Overnight Activity – Global Yields Respond to Fed’s Decision, Equities Remain Focused on Earnings: Global equity and sovereign markets, which were closed Wednesday by the time the Fed announced its latest policy decision, show a mixed response to the updated FOMC Statement. European equities are lower after a positive start in Asia. The mixed performance for European equities played out on what some analysts said is the busiest day for European corporate earnings. European sovereign yield curves are playing catch up to yesterday’s shift in Treasurys and are flattening on lower yields; Germany’s 10-year yield is down 3.0 bps. Longer Treasury yields recovered a portion of yesterday’s drop with the 10-year yield up 1.4 bps to 2.30%. After threatening its June 23, 2016 intraday low, the Dollar climbed back into positive territory for the day. After rising more than 6% in the first three days of the week, oil prices fell Thursday even as U.S. data showed a big weekly draw of petroleum products that took total crude stocks to their lowest level in six months and total product stocks to the lowest level since March 2016.
Yesterday’s Trading Activity – Fed Decision Drops Treasury Yields and the Dollar: U.S. stocks closed higher Wednesday as the Treasury curve flattened on lower yields and the Dollar sank to a new 15-month low. All the moves occurred after the Fed elected to leave rates unchanged and signaled a potential September announcement of the start date for balance sheet normalization (more below). While the Fed’s latest decision was the primary driver of rates and currencies, stocks were equally impacted by another round of corporate earnings. The Dow outperformed with a 98-point, or 0.5%, gain thanks almost exclusively to a 143-point positive contribution from Boeing. More broadly, stocks were mixed as indicated by the S&P adding less than one point, or 0.03%. Treasury yields had already moved lower after an auction of 5-year notes elicited strong demand but the biggest move occurred immediately following the Fed’s announcement. On the day, the 2-year yield fell 4.0 bps to 1.36%, the 5-year yield dropped 6.0 bps to 1.83%, and the 10-year yield shed 4.6 bps to 2.29%. The Dollar tracked yields lower, touching its weakest level since May 3, 2016. In addition to the Fed decision, the Dollar was also under pressure after hawkish comments from an ECB Governor boosted the Euro.

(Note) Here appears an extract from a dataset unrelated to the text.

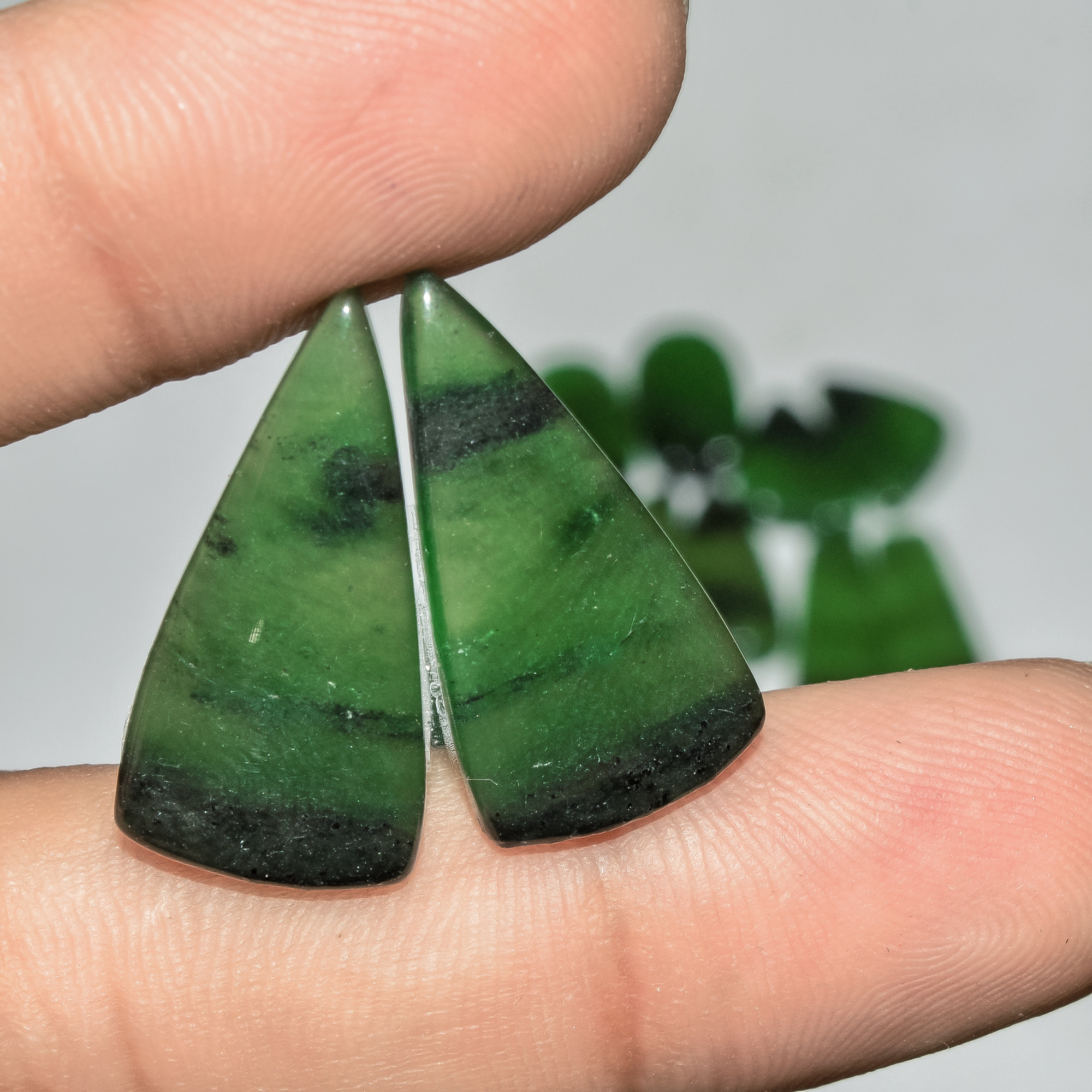 7 Pairs 132 Cts Green Serpentine Loose Cabochon Natural Matching Pairs Semi-Precious Gemstones 32x10 20x10mm 18288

New Home Sales Rose in June but Continue Trend of Slowing Improvement: June’s new home sales data continued the story of a slowing improvement for the overall housing sector. Sales of new homes did improve in June when compared to May 2017 and June a year ago. However, there was a negative revision of 27k to the three months prior (March, April, May) which left the total trajectory a little weaker than previously estimated. Supporting the story of slowing improvement, total sales were up 6.4% in 2Q 2017 when compared with 2Q 2016 but down 12.3% on a seasonally adjusted annualized basis when compared to 1Q 2017.